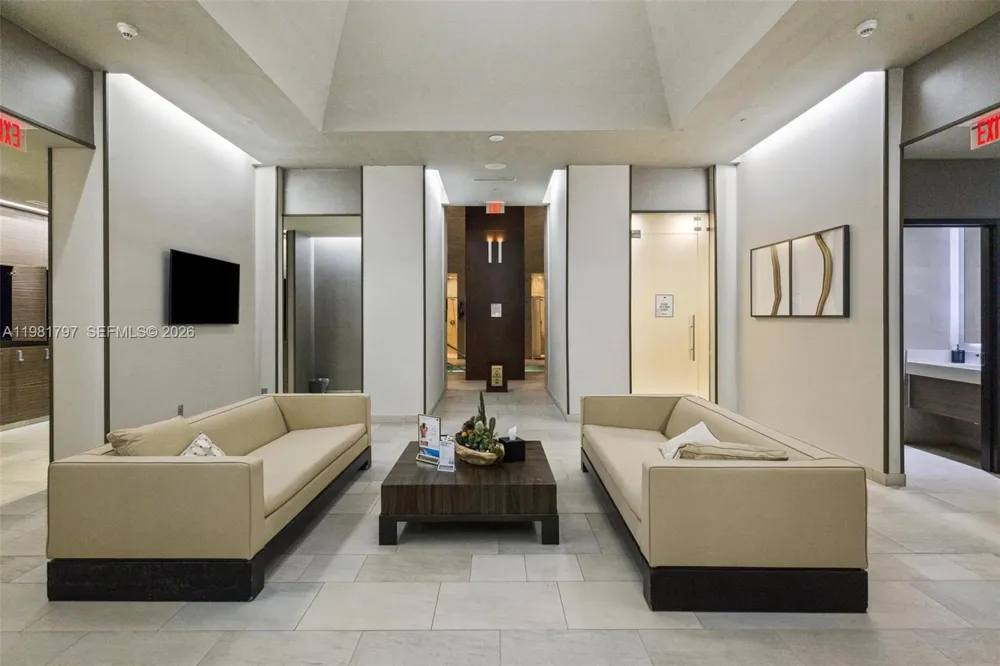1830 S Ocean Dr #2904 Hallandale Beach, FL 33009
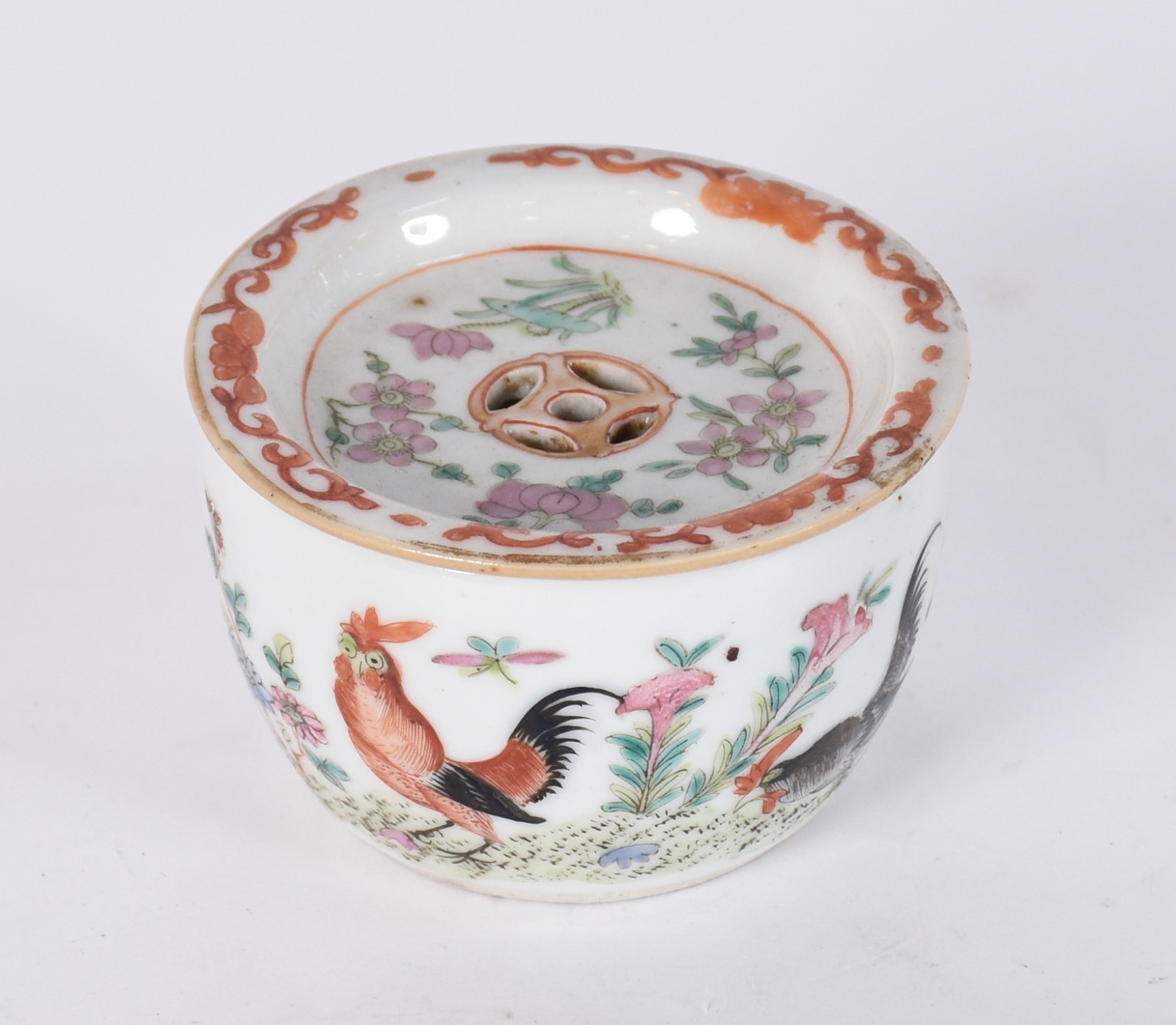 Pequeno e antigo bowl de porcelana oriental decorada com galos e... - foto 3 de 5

==*==

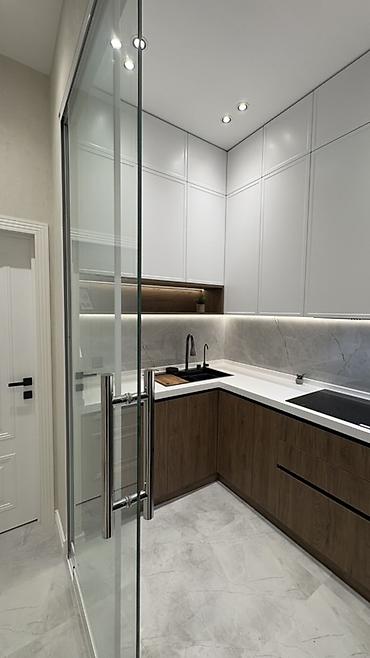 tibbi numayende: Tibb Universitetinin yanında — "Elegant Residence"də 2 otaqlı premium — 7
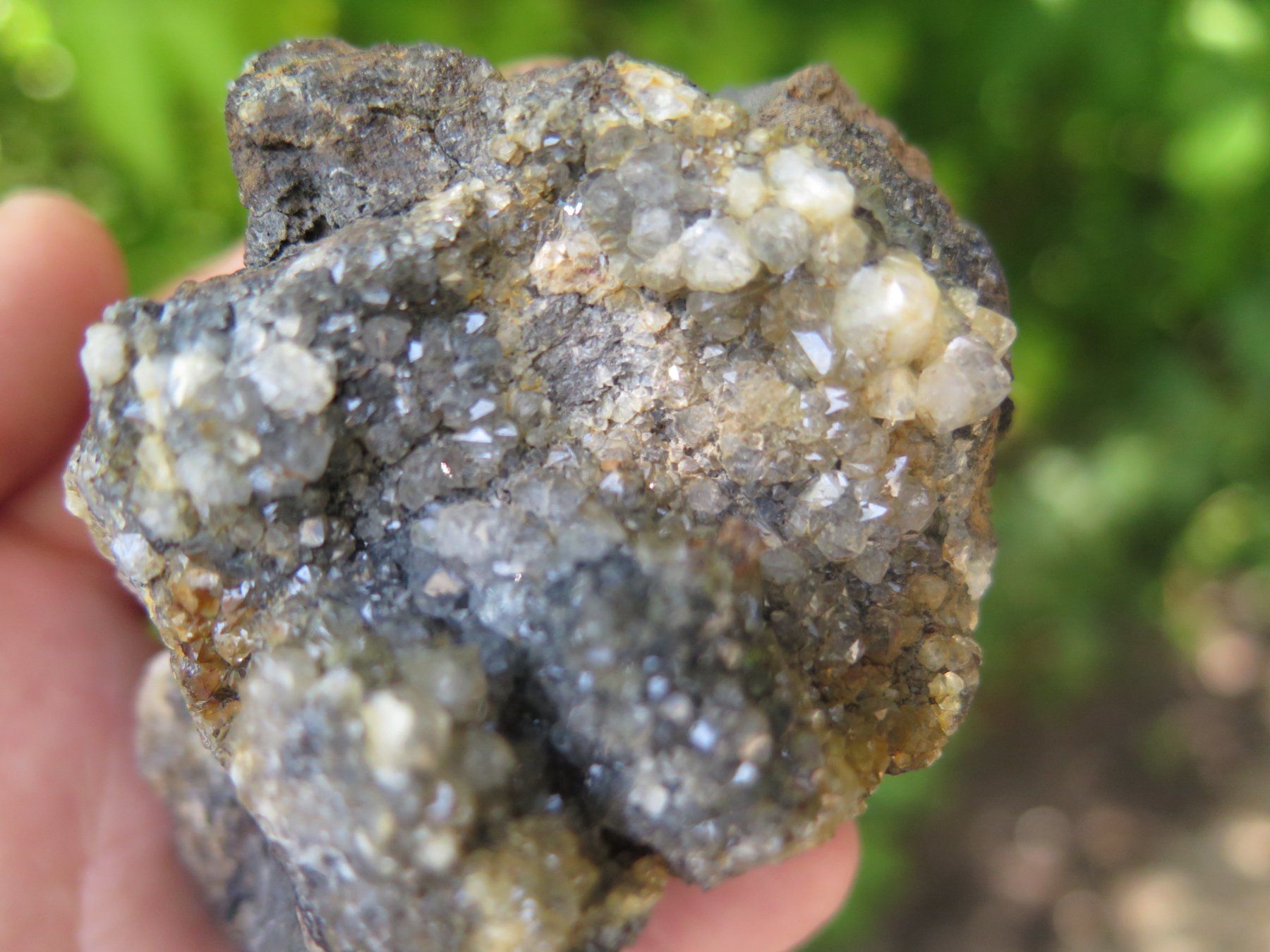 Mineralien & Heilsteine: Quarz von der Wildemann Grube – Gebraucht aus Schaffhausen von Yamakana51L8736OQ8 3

==*==

TASK INSTRUCTIONS: From the records above, extract the lines from the one holding "1830 S Ocean" through the one holding "Pequeno e antigo", word for word; omit the pictures.

YOUR RESPONSE:
1830 S Ocean Dr #2904 Hallandale Beach, FL 33009
 Pequeno e antigo bowl de porcelana oriental decorada com galos e... - foto 3 de 5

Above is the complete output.